Yeah, I'm reading Black Swan now, and then have Antifragile and Skin in the
Game... I get the impression it'll be a journey through the man's ever-
inflating ego. Signal/Noise was great though (not that I didn't thoroughly
enjoy NNT's Fooled by Randomness), I'd love to read more of Nate Silver's
stuff. Also open to recommendations of similar material?

------
booleanbetrayal
\- Bad Blood \- Black Edge

------
rayalez
\- "Rationality: From AI to Zombies" \- probably the most influential book
I've read in my life, profoundly changed the way I think. It's a collection of
LessWrong essays on science and rationality.

\- "On Intelligence" and "I am a Strange Loop" \- how mind works.

\- "Rework", "Zero to One", "Start Small, Stay Small" \- insightful startup
advice.

\- "Atomic Habits" \- by far the best book on developing habits. Thought it
was just another one of those self-help books, but turned out to be very
insightful and well written.

\- "The Obstacle Is the Way" \- amazing introduction into stoic philosophy, by
Ryan Holiday (author of Trust me I'm lying). He summarized everything I wanted
to learn about the subject, and explained it extremely well. Absolute best
book to read in hectic/stressful situations, audio version is great too.

\- Fun autobiographies: Ghost in the Wires (Kevin Mitnick), iWoz (Steve
Wozniak), Catch me if you can (Frank Abagnale), Just for Fun (Linus Torvalds),
Elon Musk, Surely You're Joking, Mr. Feynman!

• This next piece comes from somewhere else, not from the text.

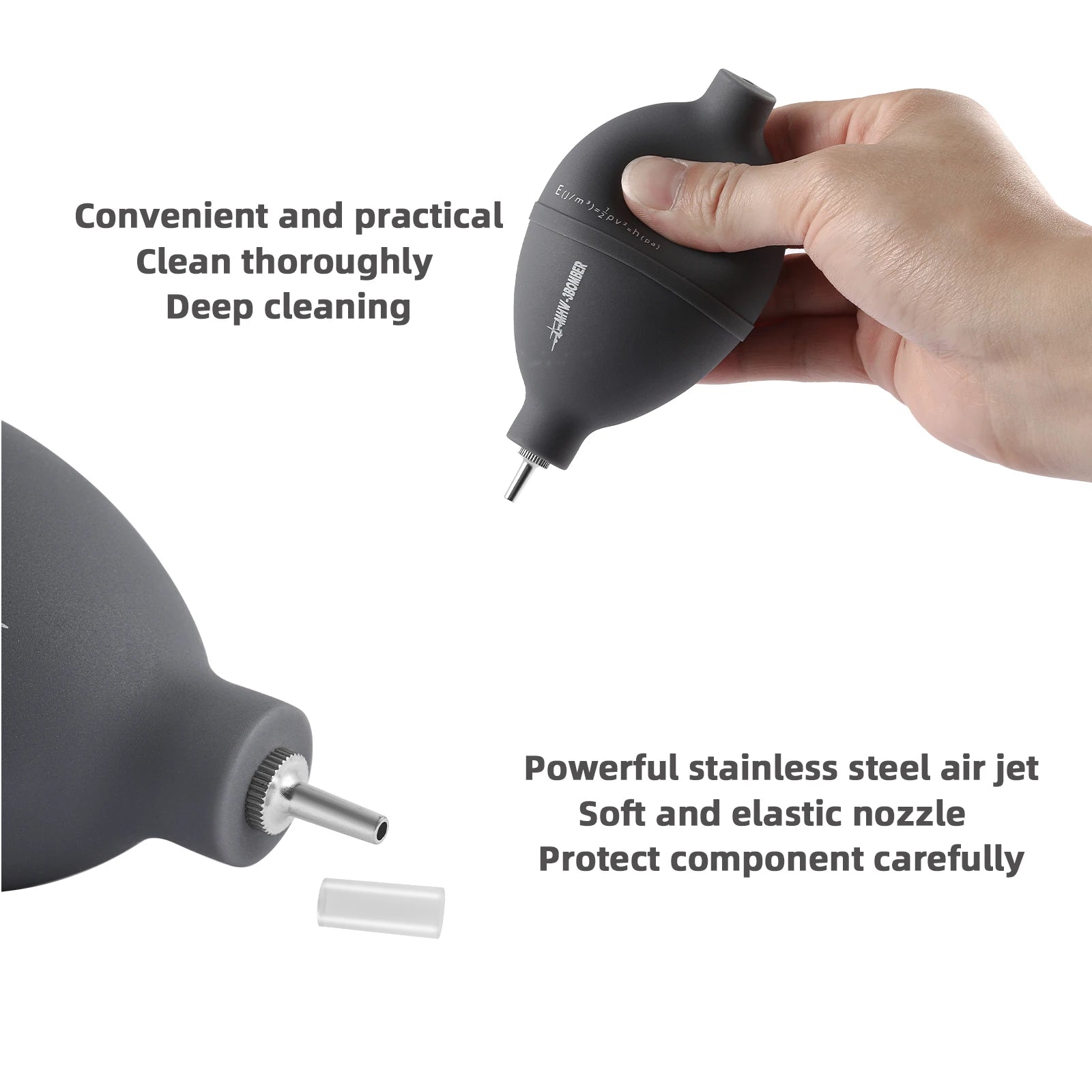 MHW-3BOMBER Air Blower Coffee Grinder Cleaning Tool Dust Clean Blower Professional Espresso Coffee Machine Grinder Accessories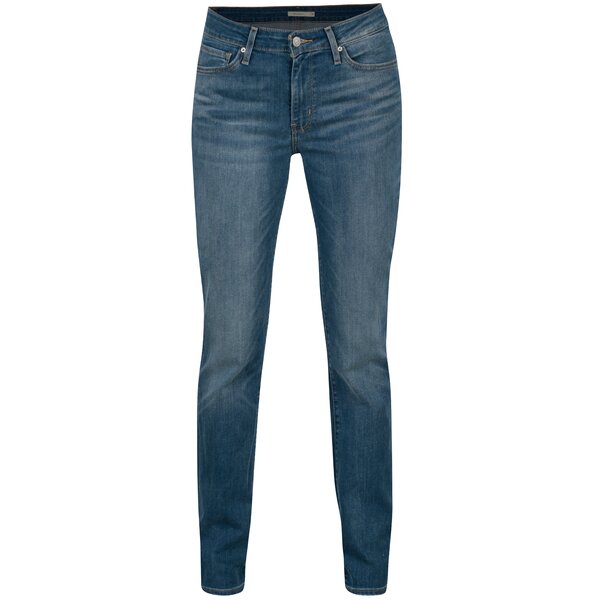 Blugi albastri drepti cu aspect prespalat - Levis®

\- How companies work: Creativity Inc (Pixar), In the Plex (Google)

\- On writing: Art of fiction/nonfiction by Ayn Rand, Story (and Dialogue) by
Robert McKee, Save the Cat, Step by Step to Standup Comedy.

\- Grokking Deep Learning - by far the simplest and clearest introduction into
deep learning, starts from scratch and takes you through the whole thing,
without any of the scary/overwhelming math.

\- Refactoring UI (design tips), Programmer’s Introduction to Mathematics,
Master Algorithm - still reading these books, but they look REALLY good.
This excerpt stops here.